U.S. Credit Card Debt Grows Despite Desire To Control Personal Finances
Consumers would like to spend less, but they are falling further into credit card debt.
Two-thirds of Americans say that the financial crisis has fundamentally changed their view of debt, making them less likely to borrow or spend, according to a new report by Absolute Strategy Research.
A third of respondents to the survey said they plan to pay down their debt in the coming year, and another third said they plan not to take on any new debt.
But even as consumers have become more debt-averse, they have plunged more into debt to pay for essentials. Indeed, credit card debt has been growing at an increasingly higher rate. The rate of increase for credit card debt has risen two-thirds compared to the same period last year, and it has increased 368 percent since two years ago.

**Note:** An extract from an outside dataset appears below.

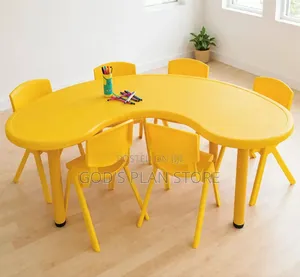 HerHome Kids Plastic Table and Chairs - Yellow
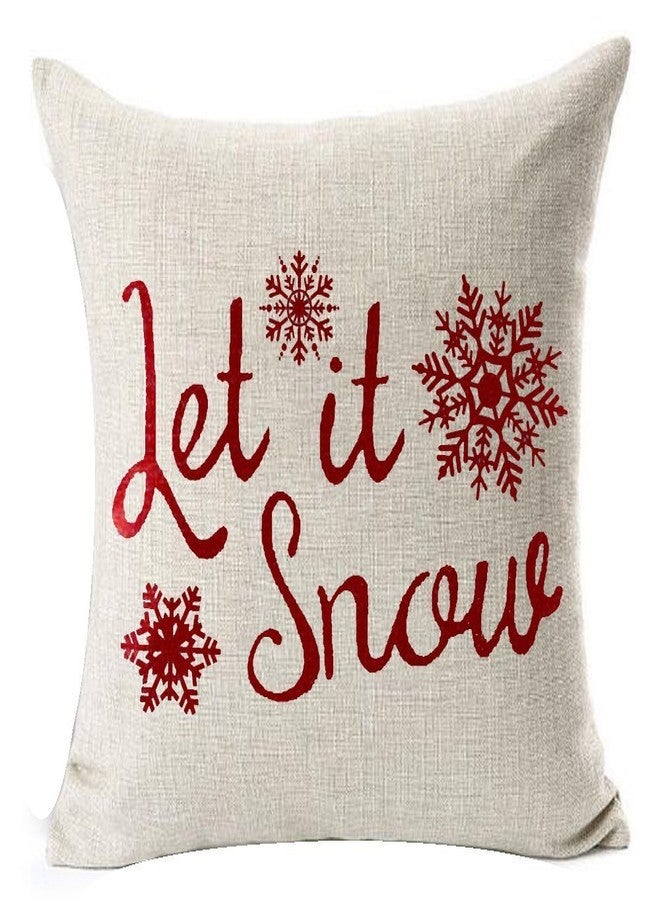 Andreannie Set of 4 Throw Pillow Cover Christmas Beige Shadow Let It Snow Snowflakes Red Cotton Linen Throw Pillow Case Cushion Cover for Sofa Bed Couch Home Decor Square 18 X 18 Inches(Blood Red) - Image 3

Earlier in 2011, Americans started to climb out of the vicious cycle of borrowing and spending, as credit card debt stopped increasing after two consecutive years, but they seem to be falling back into more credit card debt, even as they seem to want to borrow and spend less.
Policymakers hope that consumers will start spending again, so that businesses will be confident enough to invest in new products and hire more workers, bringing the unemployment rate down and spurring economic growth. But a double-dip recession has become increasingly likely, with Paul Krugman putting the likelihood of global recession at 50 percent, as ordinary consumers avoid buying the big-ticket items that could jumpstart the economy.
Recent volatility in the stock market has played some role in shattering consumer confidence, which has plunged to its lowest level in a year and a half. As consumers' retirement accounts have taken a hit because of recent plunges in the stock market, consumers have reportedly felt less wealthy and thus have been less likely to buy expensive products like furniture, appliances, and cars.
Since spending fuels 70 percent of the economy, economists are worried about a negative feedback loop in which less consumer spending and stock market plunges continue to reinforce each other.
"We'll just scare ourselves into a recession," David Kelly, chief market strategist with J.P. Morgan Funds, told the Associated Press.
Nonetheless, since many consumers took on too much debt before the financial crisis, which overburdened them as the economy cratered, it may be a positive sign that consumers have become more watchful of their savings.
While 28 percent of Americans in 2009 said that their income did not cover their spending, now only 13 percent of Americans said that their spending exceeded their earnings, according to the Absolute Strategy Research report.
Similarly, 51 percent of Americans now said they were making ends meet, compared to 35 percent in 2009, and a third of Americans said that their income exceeded their spending.